Get another phone / tablet. Hotspot one and wifi to the other is my guess. I don't have a Lyft account, so this is just a complete guess.


----------



## uberguy_in_ct

I have an android and run both at the same time on one phone. Lyft will play nice if it is a background app and pings will pop up if they come in (which is a very rare thing in Ct with Lyft). Uber will only work if it's right on top, if you put it in the background it will go offline in about 4-5 minutes.


----------



## Oc_DriverX

uberguy_in_ct said:


> I have an android and run both at the same time on one phone. Lyft will play nice if it is a background app and pings will pop up if they come in (which is a very rare thing in Ct with Lyft). Uber will only work if it's right on top, if you put it in the background it will go offline in about 4-5 minutes.


This is my experience as well. It figures that Uber's arrogance extends to its app. There is no reason they can't have their app run in background without beefing every 3 minutes about not being on top.


----------



## CityGirl

Oc_DriverX said:


> This is my experience as well. It figures that Uber's arrogance extends to its app. There is no reason they can't have their app run in background without beefing every 3 minutes about not being on top.


Seriously, there are other things I would like to be doing, my phone is my main work tool. Annoying!


----------



## grUBBER

You can get an uber phone for $10 a week. Just email them and ask for one.
By running both apps on your phone, you will miss pings and **** up your acceptance rate.

One thing I never complained about is $10 a week uber phone fee.


----------



## bunnydoodoo

Android phone for Uber, and Android Tablet for Lyft. both on same verizon account. sometimes i run both on the phone. but 2 devices is way less confusing. verizon is giving away tablets right now and not charging for 1 year of "use of phone's date". after 1 year it's $10/month.

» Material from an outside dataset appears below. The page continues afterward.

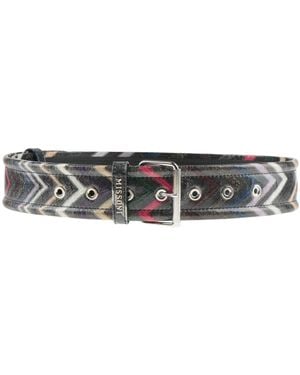 Missoni Charcoal Belt Viscose, Metallic Fiber, Calfskin, Polyurethane - White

BUT, whatever device you do use, make sure it uses both 3G AND 4G. even though i'm in LA, sometimes 4G is not available, and that will screw you up getting rides, not to mention the gps and maps.


----------



## Bart McCoy

android app crying about not being the foreground app is a pain


----------



## Michaela

I happened to have an older Android and I just hot spot connect to it with my newer Android...you can do the same thing with a tablet. 

You can run both apps on the same phone as long as Uber stays on top, or you keep acknowledging its background presence every few minutes, but I prefer to run the apps on separate phones because I can go offline with one service much faster when I accept a request on the other. There are several times where I've been running both apps on the same phone, accepted a ride with Uber and couldn't switch over fast enough to go offline with Lyft before a ping comes in. With 2 phones, I'm going offline with Lyft immediately while Uber is setting up the navigation on my other phone. 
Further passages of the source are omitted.